I like to see a picture too


----------



## robin.goodfellow (Nov 17, 2008)

Then I shall post some pictures tonight.  lol, with any luck, I'll even post them here.  I live in fear of posting pictures in the wrong place, like on a the Times Square billboard or something.  Keep your fingers crossed!


~robin


----------



## Betsy the Quilter (Oct 27, 2008)

robin.goodfellow said:


> Then I shall post some pictures tonight. lol, with any luck, I'll even post them here. I live in fear of posting pictures in the wrong place, like on a the Times Square billboard or something. Keep your fingers crossed!
> 
> ~robin


Robin--

Looking forward to seeing them.

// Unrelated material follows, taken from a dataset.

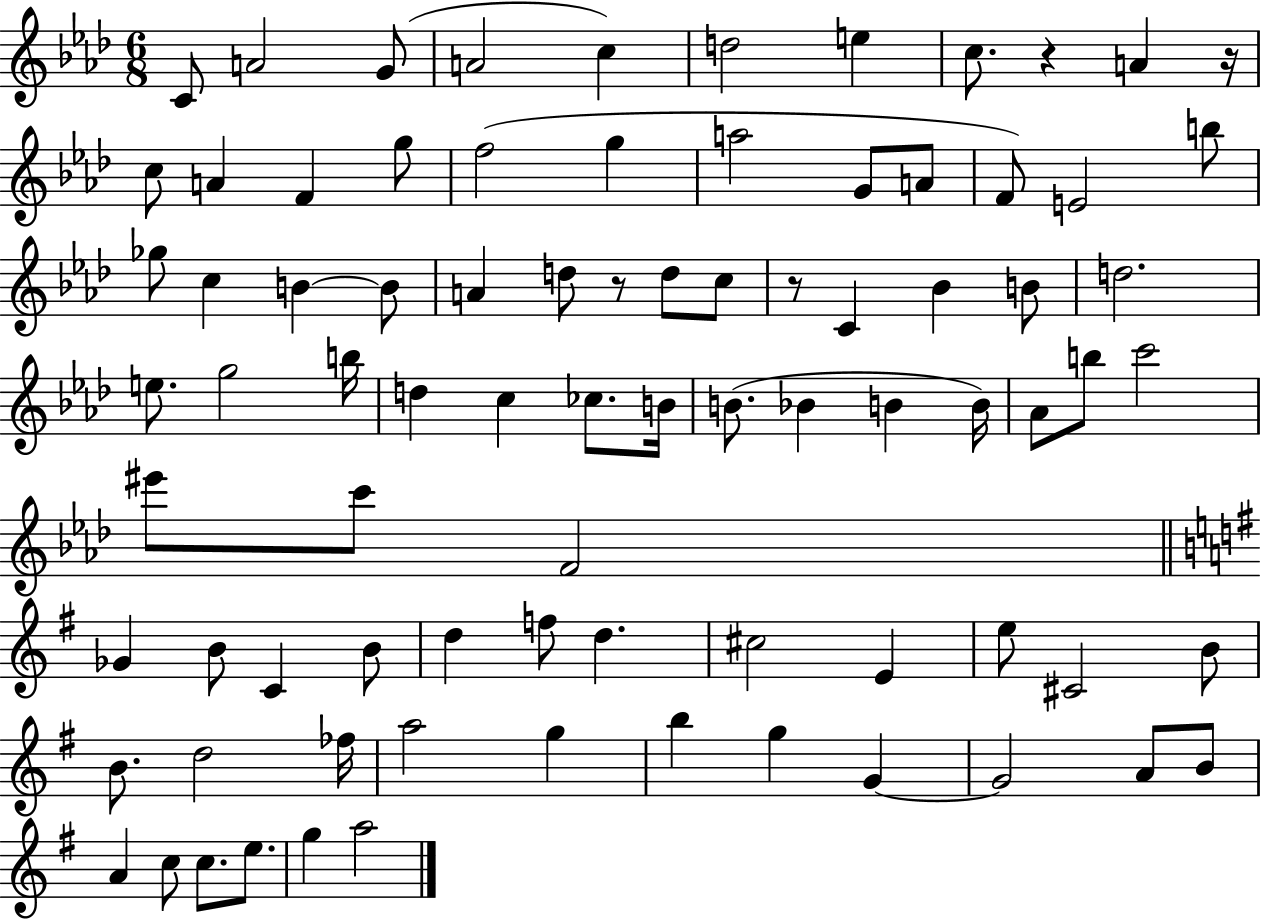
C4/e A4/h G4/e A4/h C5/q D5/h E5/q C5/e. R/q A4/q R/s C5/e A4/q F4/q G5/e F5/h G5/q A5/h G4/e A4/e F4/e E4/h B5/e Gb5/e C5/q B4/q B4/e A4/q D5/e R/e D5/e C5/e R/e C4/q Bb4/q B4/e D5/h. E5/e. G5/h B5/s D5/q C5/q CES5/e. B4/s B4/e. Bb4/q B4/q B4/s Ab4/e B5/e C6/h EIS6/e C6/e F4/h Gb4/q B4/e C4/q B4/e D5/q F5/e D5/q. C#5/h E4/q E5/e C#4/h B4/e B4/e. D5/h FES5/s A5/h G5/q B5/q G5/q G4/q G4/h A4/e B4/e A4/q C5/e C5/e. E5/e. G5/q A5/h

If you have any trouble, ask! Pidgeon92, Leslie, and Harvey are all really good at helping. Occasionally I even manage to help!

Betsy


----------



## Linda Cannon-Mott (Oct 28, 2008)

Can't wait to see your pictures Robin!


----------



## beachgrl (Nov 10, 2008)

I went to Tuesday Morning and found a journal with ribbon trim and a double D-ring buckle and made my own cover.  I only used the fabric nor the cardboard part of the cover.  However, I covered my original Kindle cover.  "K" is still secured with the elastic on the lower right corner.  Now I have a cover that is an original, that won't fall out because of the buckle, and only cost $4.00.  I am using the journal pages as a note pad, waste not. want not.


----------



## Anne (Oct 29, 2008)

Beachgirl: I wish we could see a picture


----------



## Anne (Oct 29, 2008)

Robin: I cannot wait to see your cover


----------



## beachgrl (Nov 10, 2008)

I am a newbie and haven't posted a picture before.  I will have to find the thread with the instructions, so it will be awhile.


----------



## Linda Cannon-Mott (Oct 28, 2008)

How creative and no one will have a cover like yours.


----------



## Cowgirl (Nov 1, 2008)

beachgrl said:


> I went to Tuesday Morning and found a journal with ribbon trim and a double D-ring buckle and made my own cover. I only used the fabric nor the cardboard part of the cover. However, I covered my original Kindle cover. "K" is still secured with the elastic on the lower right corner. Now I have a cover that is an original, that won't fall out because of the buckle, and only cost $4.00. I am using the journal pages as a note pad, waste not. want not.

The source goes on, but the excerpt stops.